In 2014, at the height of IDC's "iPad is losing" narrative, and just before the company laid out its rosy prediction for Microsoft's Surface devices overtaking Apple, Microsoft itself exclusively released tablet-optimized versions of its Office apps for iPad far in advance of Android, despite IDC reporting that Android tablets had close to twice the "market share" of shipments. Pretty clearly, Microsoft wasn't fooled by IDC's public reports on the economics of the tablet market.
Purchaser's report on IDC's data gravely warned that "If IDC's statistic [on Q1 iPhone shipments] is actually correct  you'd have to say that Wall Street analysts are not being honest with their shareholders to not reveal this incredibly important statistic." It's easier to accept that it's IDC that is not being honest, or is otherwise purely incompetent.
He also stated that "if this was Samsung having dropped 23-30% in Galaxy phone sales they would have been mercilessly slashed in the press, making headlines around the world."
However, Samsung's phone shipment volumes did drop by that much this summer and nobody batted an eye. It wasn't just a marketing firm estimate. Samsung officially reported a 22 percent drop in mobile revenues and a 34 percent collapse in year-on-year profits. Counterpoint Research estimated that Galaxy S9 series shipments specifically "declined 24 percent in Q2 2018 as compared to Galaxy S8 series in Q2 2017."
Despite being clearly unaware of what's been happening in the mobile market, Purchaser reached the conclusion that "Huawei destroyed Apple's iPhone growth," confusing correlation with causation.
Huawei did appear to roughly double its smartphone shipments while Samsung's collapsed— particularly in China and other markets where Huawei can sell its phones— and at the same time that Apple's sales fell. But for Huawei to have caused Apple's dip is conjecture, not fact.
And in reality, Huawei's huge volumes of new sales couldn't have been largely poached from among Apple's potential buyers because there weren't enough missing iPhones to account for Huawei's sales growth. Further, some of Apple's "missing iPhone upgrades" disappeared in the US, where Huawei can't even sell its products. That's pretty basic math and logic.

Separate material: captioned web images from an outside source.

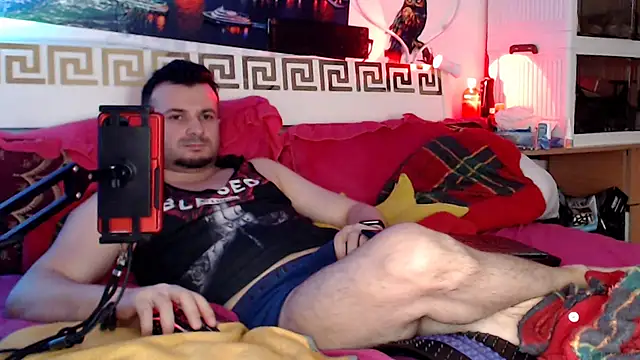 ErotictoyboyF69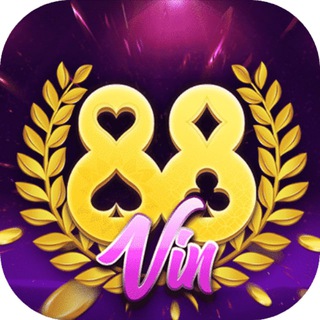 Telegram profile photo for 88VIN.ZONE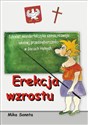Erekcja wzrostu Polish Books Canada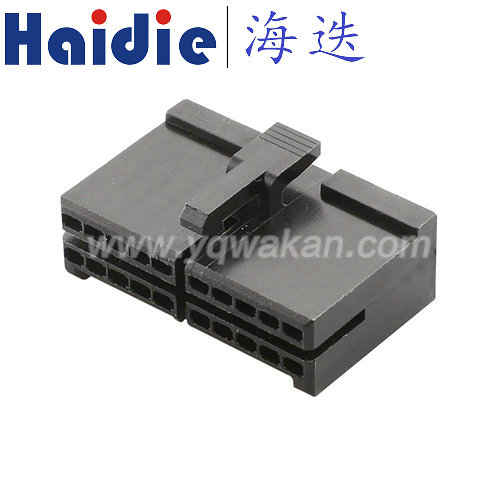 HD204C-0.6-21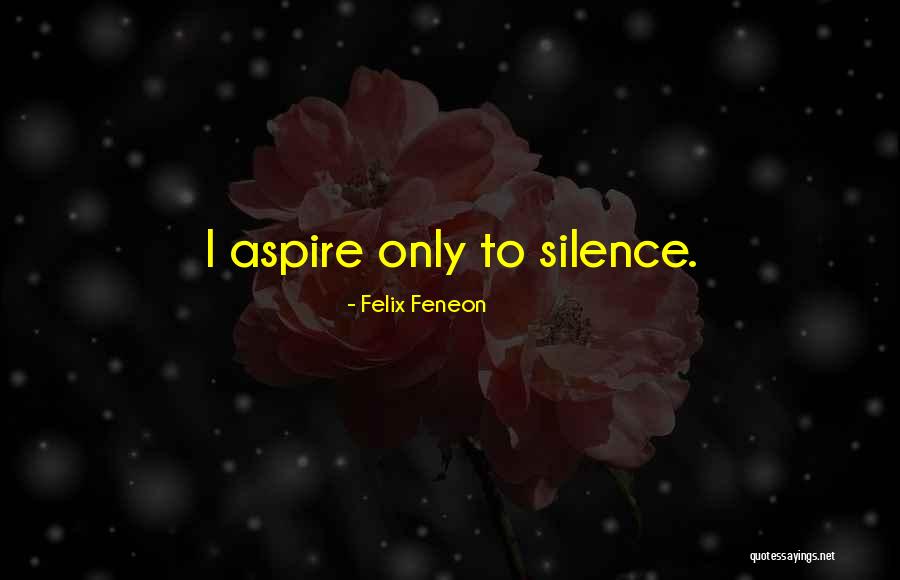 Zahler Child Quotes By Felix Feneon Zahler Child Quotes By Felix Feneon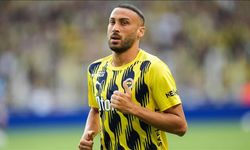 Cenk Tosun Fenerbahçe’den ayrılıyor… Yeni adresi neresi olacak?
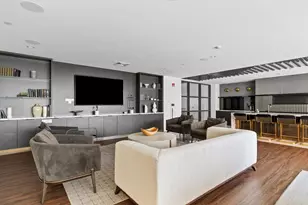 99 Sumner St, Boston, MA 02128 - Photo 23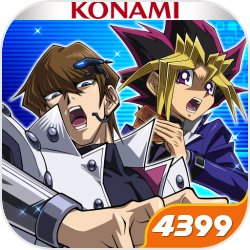 《光遇》国服3月1日每日使命及蜡烛方位共享！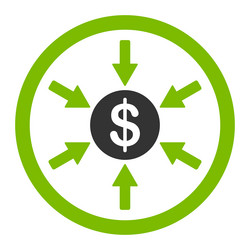 Similar image 8404991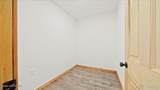 3805 Juanita Way - Photo 19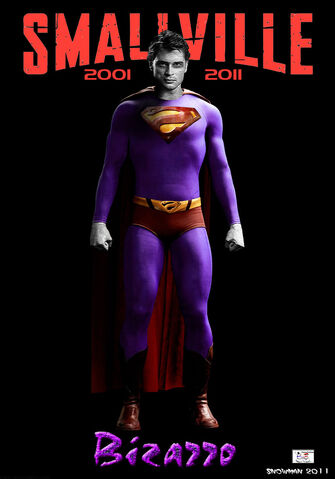 File:Smallville bizarro by wildman10-d3j9iuv.jpg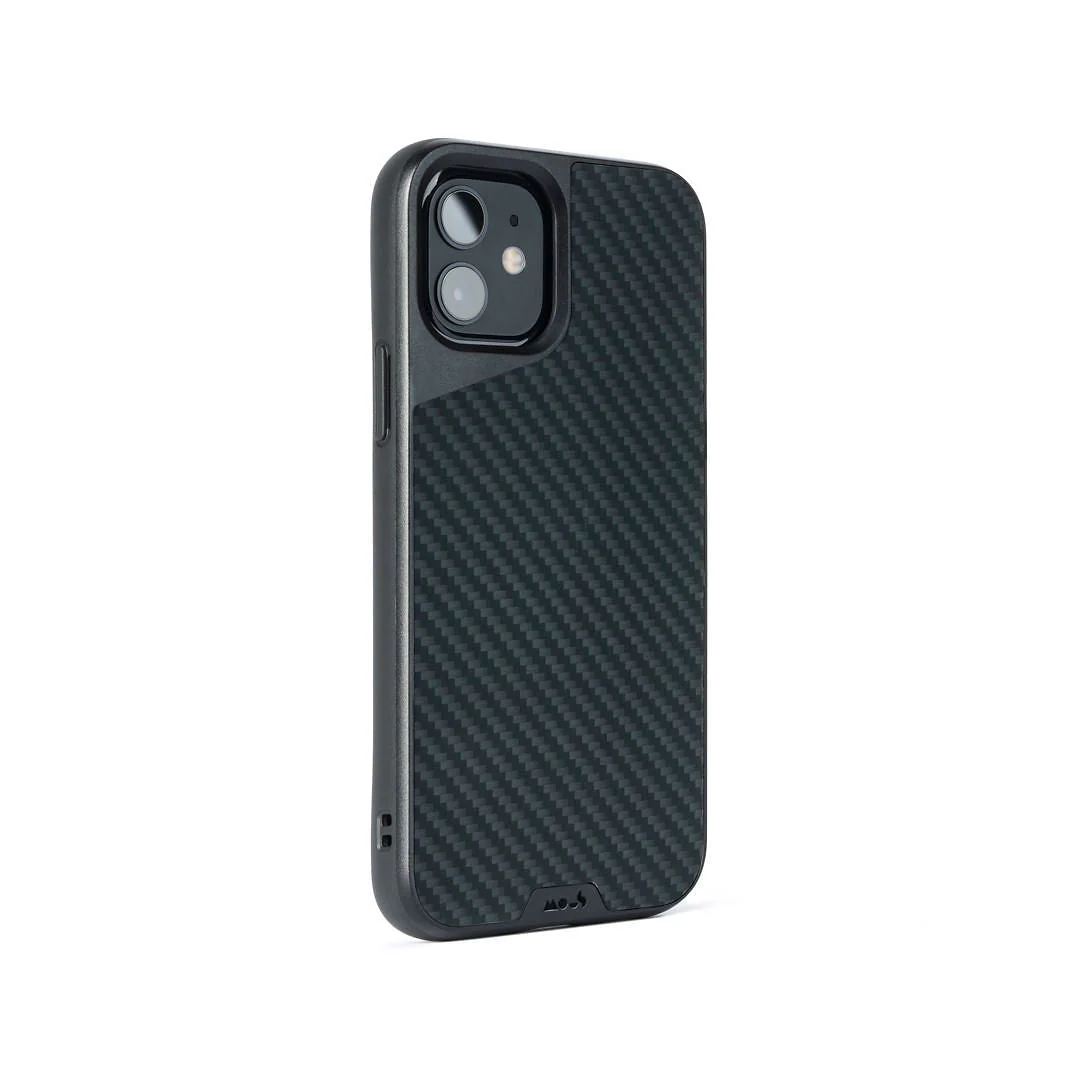 Product image 118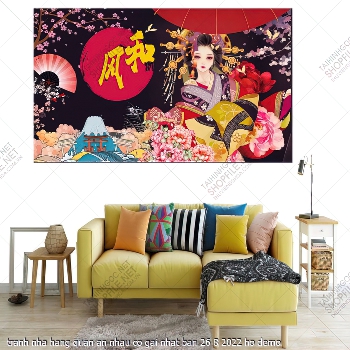 tranh nha hang quan an nhau co gai nhat ban 26 8 2022 ho tranh nha hang quan an nhau co gai nhat ban 26 8 2022 ho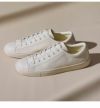 CONVERSE コンバース ALL STAR COUPE GL OX 31305630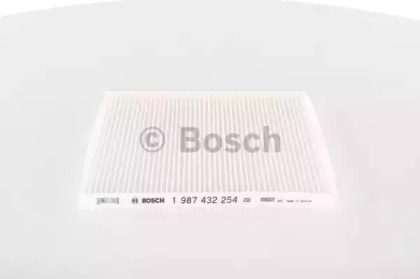 bosch 1987432254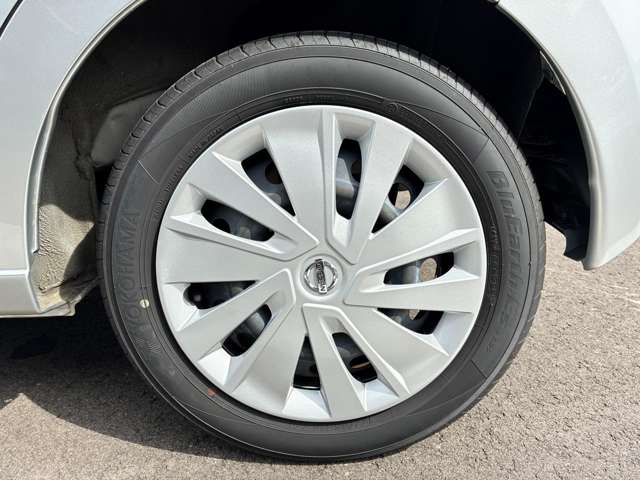 日産 デイズ ６６０ Ｓ R1年 (甲信越・北陸) 99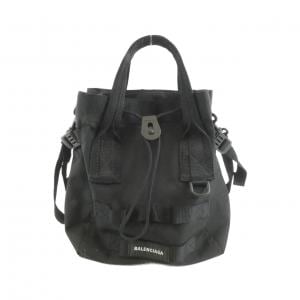 バレンシアガ アーミー スモール トート 644029 2JM31 バッグ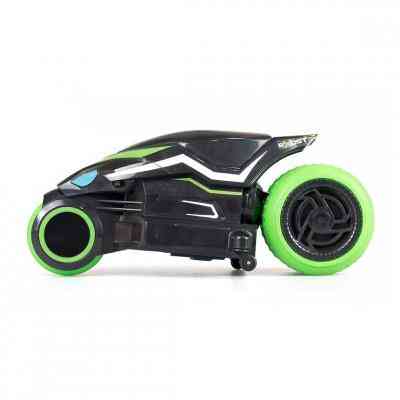 Радиоуправляемая игрушка Silverlit Exost Motodrift, 2.4 ГГц (20249) Винница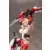 Kotobukiya Anime / Manga - Asra Archer - Megami Device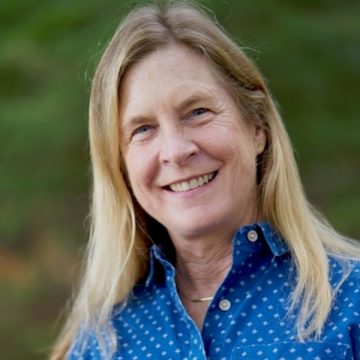D’Augusta – Erweitern Sie den Zugang zur Gesundheitsversorgung und machen Sie sie für Familien in Maine erschwinglich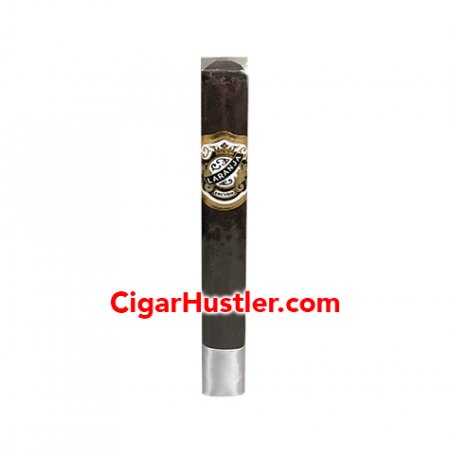 Laranja Escuro Toro Cigar - Single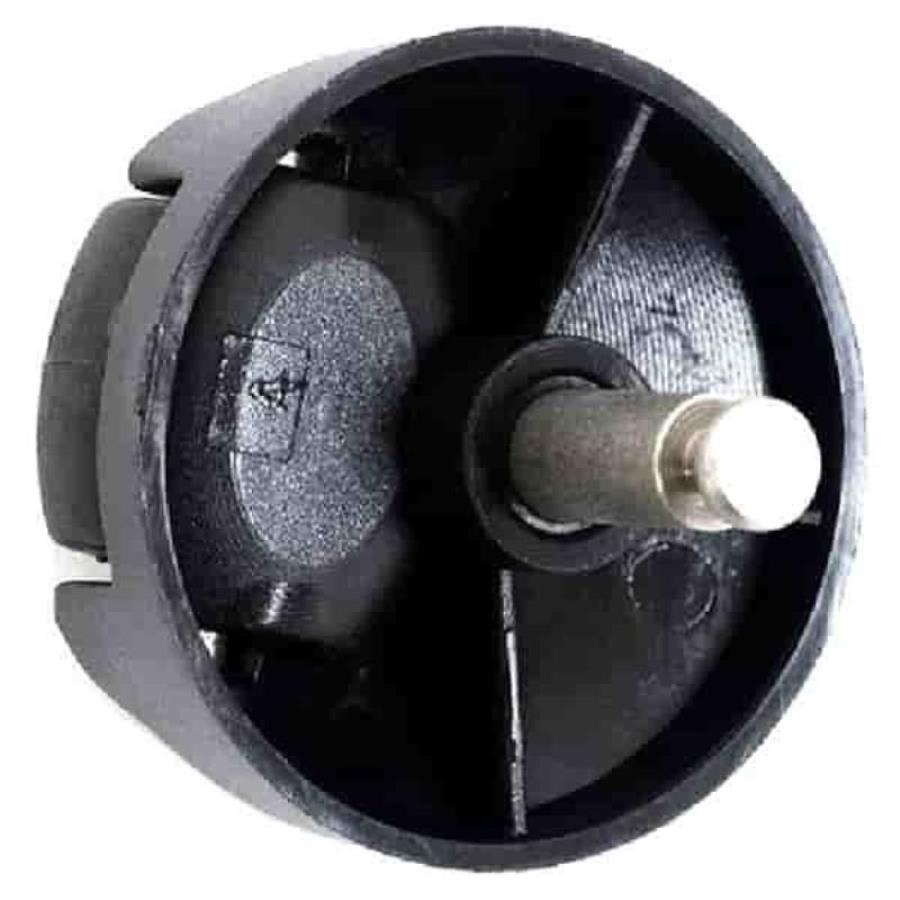 картинка Redmond RV-R350-KLP колесо переднее для робот-пылесоса RV-R350  от магазина Интерком-НН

There were, however, large decreases in sales of Samsung, Xiaomi and Oppo Androids that all sell in the same price range as Huawei's models. That makes it pretty clear that Huawei's rise is not something new and unprecedented in the history of Android phones. The commodity nature of Androids means that each year, the vendor offering the best or cheapest set of models sees huge swings up while their competitors see huge swings down, with little apparent impact on iPhone sales.
We have no data showing that vast numbers of iOS users are abandoning Apple's platform in any region. In fact, even in China, we know that Apple's installed base of iPhone users is remaining solidly stable— even growing slightly to closely rival Huawei in the last quarter, despite the reported surge in Huawei shipments globally.
Android shipment volumes can and do slosh dramatically between commodity producers without having any real impact or relation on Apple's sales, the same way that surging histories of "tablet shipments" once attributed to Samsung, or Amazon or to no-name "white box" vendors in China had and still have very little real impact on Apple's iPad sales.
Journalists need to take a more critical look at IDC's "embarrassing" numbers and not simply take them at face value. Microsoft didn't.